Met dien verstande dat:

      1. tenminste 50% van het bouwperceel dat buiten het bouwvlak is gelegen onbebouwd en onoverdekt blijft;

      2. de oppervlakte van de bijbehorende bouwwerken die op dat gedeelte van het bouwperceel zijn of worden gebouwd, waar het hoofdgebouw nog volgens het bepaalde in artikel 8.2.1 onder a. als hoofdgebouw vergroot kan worden, niet wordt gerekend tot de gezamenlijke oppervlakte aan bijbehorende bouwwerken.

  1. afwijkingen in maten en afmetingen zoals die bestaan op het tijdstip van terinzagelegging van het ontwerpbestemmingsplan mogen worden gehandhaafd mits gebouwd met vergunning of in overeenstemming met het hiervoor geldende bestemmingsplan.

 

8.2.3 Bouwwerken, geen gebouwen zijnde

Binnen deze bestemming mogen bouwwerken, geen gebouwen zijnde ten dienste van deze bestemming worden gebouwd, met inachtneming van de volgende bepalingen:

  1. de bouwhoogte van bouwwerken ten behoeve van verlichting bedraagt maximaal 10 meter;

  2. de bouwhoogte van vlaggenmasten bedraagt maximaal 8 meter;

  3. de bouwhoogte van reclamemasten bedraagt maximaal 6 meter;

  4. de bouwhoogte in de overige gevallen bedraagt maximaal 1 meter indien vóór de voorgevel van het hoofdgebouw of het verlengde daarvan wordt gebouwd, achter de voorgevel bedraagt de bouwhoogte maximaal 2 meter.

 

8.3 Nadere eisen

Burgemeester en wethouders kunnen nadere eisen stellen aan de plaats en afmeting van de bebouwing, ten behoeve van:

  1. een samenhangend straat en bebouwingsbeeld;

  2. de verkeersveiligheid;

  3. de milieusituatie;

  4. de sociale veiligheid;

  5. de gebruiksmogelijkheden van de aangrenzende gronden.

 

8.4 Afwijken van de bouwregels

 

8.4.1 Afwijken met betrekking tot bijbehorende bouwwerken

  1. Burgemeester en wethouders kunnen bij een omgevingsvergunning afwijken van het bepaalde in artikel 8.2.2:

    1. onder a. en toestaan dat een kap op aangebouwde bijbehorende bouwwerken wordt geplaatst, mits de aangebouwde bijbehorende bouwwerken ondergeschikt blijven aan het hoofdgebouw, met dien verstande dat:

      1. de nok van het aangebouwd bijbehorend bouwwerk maximaal 6.60 m bedraagt, waarbij de nok van het aangebouwd bijbehorend bouwwerk minimaal 2 meter onder de nok van het hoofdgebouw blijft;

      2. de goothoogte van het aangebouwd bijbehorend bouwwerk maximaal 3.30 m bedraagt, waarbij deze goothoogte niet meer bedraagt dan de goothoogte van het hoofdgebouw.

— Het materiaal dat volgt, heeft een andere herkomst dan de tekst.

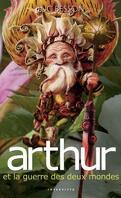 Arthur et les Minimoys, Tome 4 : Arthur et la guerre des deux mondes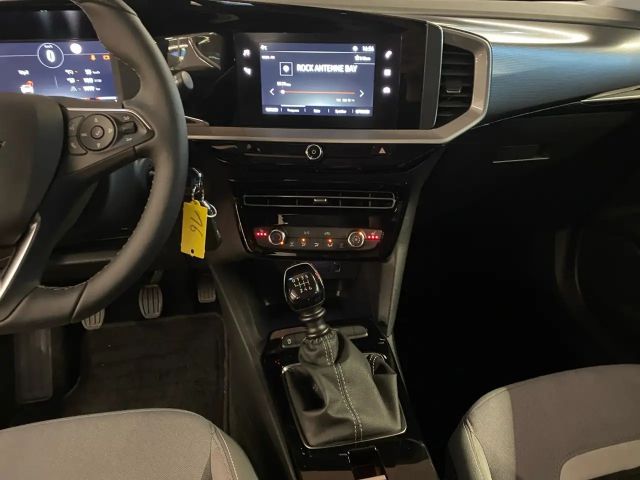 Opel Mokka 1.2 Turbo Elegance Turbo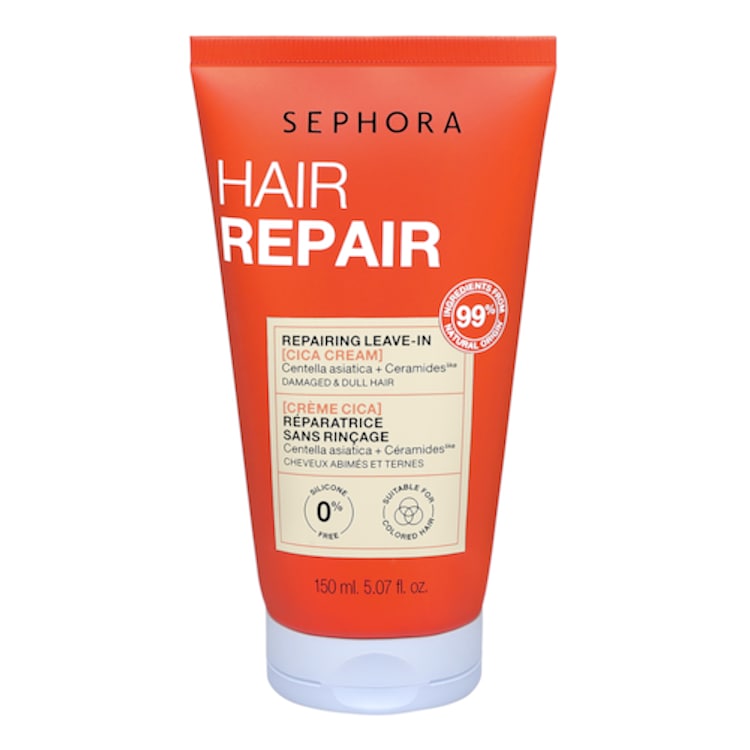 CREME CICA REPARATRICE SANS RINCAGE - CREME REPARATRICE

    2. onder e. voor de vermindering van de voorgeschreven afstand tot de voorgevel tot 1 meter.

  2. De vergunning als bedoeld in lid a. kan slechts verleend worden, wanneer:

    1. de bebouwingskarakteristiek van de straat en de gebruiksmogelijkheden van de aangrenzende gronden en bouwwerken niet onevenredig worden aangetast;

    2. geen blijvende onevenredige afbreuk wordt gedaan aan de stedenbouwkundige structuur en/of de ruimtelijke kwaliteiten van het gebied;

    3. geen verkeersonveilige situaties ontstaan.

 

8.4.2 Afwijken met betrekking tot bouwwerken, geen gebouwen zijnde

  1. Burgemeester en wethouders kunnen bij een omgevingsvergunning afwijken van het bepaalde in artikel 8.2.3:

    1. onder d. tot verhoging van de bouwhoogte achter de voorgevel tot maximaal 3 meter.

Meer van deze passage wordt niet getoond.